Unnamed: 0,Primary,Broker,E-Hail,Total
Weekday,5357.43,10981.19,4112.24,20450.86
Weekend,3017.0,6445.78,1942.56,11405.33


The average successful trips is approximately halved from the total number of successful trips between weekday and weekend, since there are more than twice as much as the number of weekdays than weekends. Successful primary trips are still half as much as broker's, which is also still half of the total.

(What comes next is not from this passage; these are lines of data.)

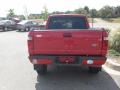 Bright Red - Ranger Edge SuperCab Photo No. 4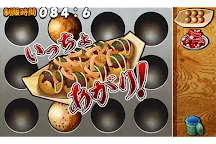 ダウンロード たこ焼きの達人 無料ゲーム By Gmo Qooapp ゲームストア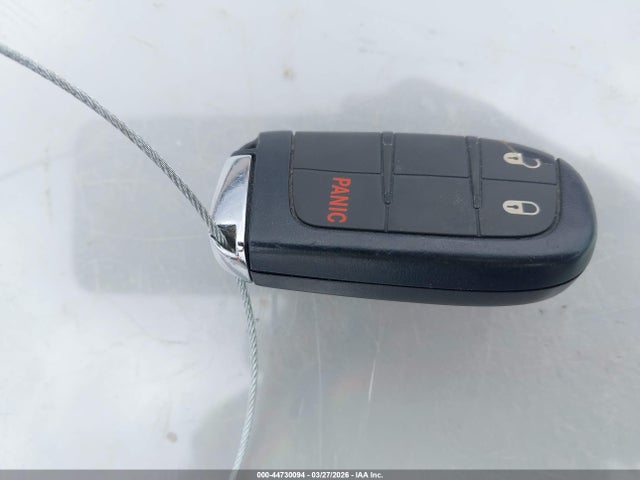 Aukcja sprzedaży 2022 Jeep Compass Sport 4x4, vin: 3C4NJDAB5NT167703, numer aukcji: 44730094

 >**Percent of trips by mode**

In [16]:
#Empty list to store percentage values for weekdays and weekends
weekday_percent=[]
weekend_percent=[]

# Loop through the weekday/weekend total trips list and divide by the total trips of weekdays/weekends, multiply by 100, and round to 2 decimal places
for i in weekday_successful:
    weekday_percent.append(str(round((i/total_weekday_successful)*100,2))+"%")
for j in weekend_successful:
    weekend_percent.append(str(round((j/total_weekend_successful)*100,2))+"%")

In [17]:
#Convert the 2 lists to dataframe, using the header and slicing of row index
total_percentage=list(zip(weekday_percent,weekend_percent))
total_percentage_df=pd.DataFrame(total_percentage,index=row_header,columns=header[:2])

#Tranpose the dataframe
total_percentage_df=total_percentage_df.T

In [18]:
total_percentage_df

Unnamed: 0,Primary,Broker,E-Hail,Total
Weekday,26.2%,53.7%,20.11%,100.0%
Weekend,26.45%,56.52%,17.03%,100.0%


The weekday and weekend percentage for all 3 modes are relatively the same. It also confirms the accuracy of our analysis above - primary has half as much trips as broker, and one-third of broker and e-hail combined. Broker and e-hail trips are 75% of all successful trips. Considering the fact that primary trips are more expensive than broker and e-hail, this analysis shows a positive outcome, especially when the MTA receive less information and detail about the broker and e-hail trips.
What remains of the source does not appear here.